Hi, I’m trying to implement CNN-LSTM model where I have a sequence of images that I need to get spatial data from using CNN and send it to my LSTM layer. Here is the code of the models that I have written. Is it the write implementation of the idea? I’m not able to properly train the model that is why I’m asking the question.
class CNN(nn.Module):
def __init__(self, layers, c):
super(CNN, self).__init__()
self.layers = nn.ModuleList([
nn.Conv2d(layers[i], layers[i + 1], kernel_size=3, stride=2)
for i in range(len(layers) - 1)])
self.drop = nn.Dropout(p=0.1)
self.pool = nn.AdaptiveMaxPool2d(1)
self.out = nn.Linear(layers[-1], c)
def forward(self, x):
for l in self.layers: x = F.relu(l(x))
x = self.drop(x)
x = self.pool(x)
x = x.view(x.size(0), -1)
return F.log_softmax(self.out(x))
class RNN(nn.Module):
def __init__(self, input_size, hidden_size, output_size):
super(RNN, self).__init__()
self.hidden_size = hidden_size
self.conv = CNN([3, 20, 40, 80], hidden_size)
self.i2h = nn.LSTM(hidden_size, hidden_size)
self.i2o = nn.Linear(hidden_size, output_size)
self.softmax = nn.LogSoftmax(dim=1)
def forward(self, input, hidden):
input = self.conv(input)
output, hidden = self.i2h(torch.unsqueeze(input, 0), hidden)
output = torch.squeeze(output, 0)
output = self.i2o(output)
output = self.softmax(output)
return output, hidden
def initHidden(self):
return (Variable(torch.zeros(1, 1, self.hidden_size).cuda()),
Variable(torch.zeros(1, 1, self.hidden_size).cuda()))

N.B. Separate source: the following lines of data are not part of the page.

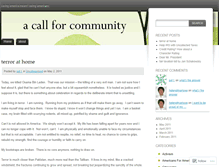 Tablet Screenshot of callforcommunity.wordpress.com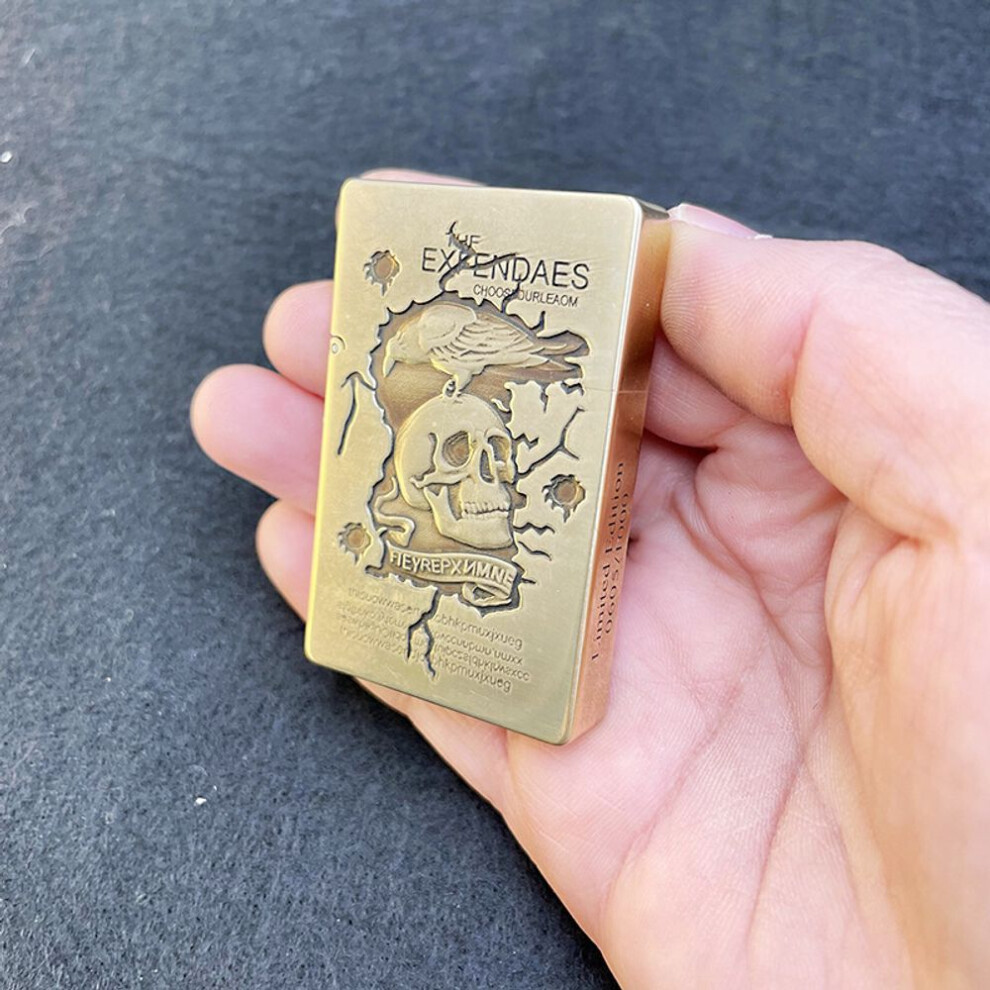 Yeuligo Zl8 Copper Milling Carving Relief Kerosene Lighter Original Copper Carved High-End Gift Lighter Zorro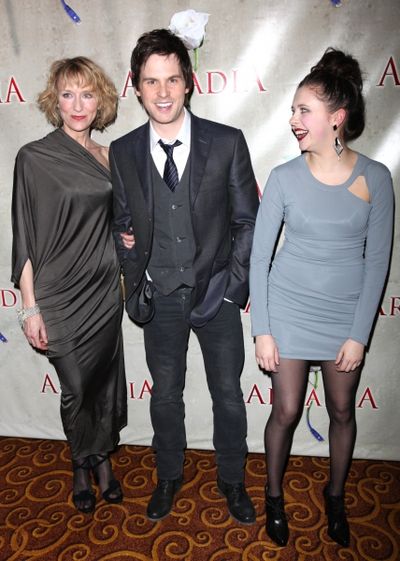 Lia Williams & Tom Riley & Bel Powley attending the Broadway Opening Night After Part Photo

My data is the ellipses (one type of ellipse) with parameters like colour, width, height and with two different movement patterns that are described by parameters like x, y change. Parameters are randomly generated using Gaussian normal distribution. Each move has different parameters for Gaussian distribution. I have 40.000 (20.000 for each) 64x64 images. Still, I’m not able to train the model. Maybe there is too much white space on the images? Therefore, I get overfitting?!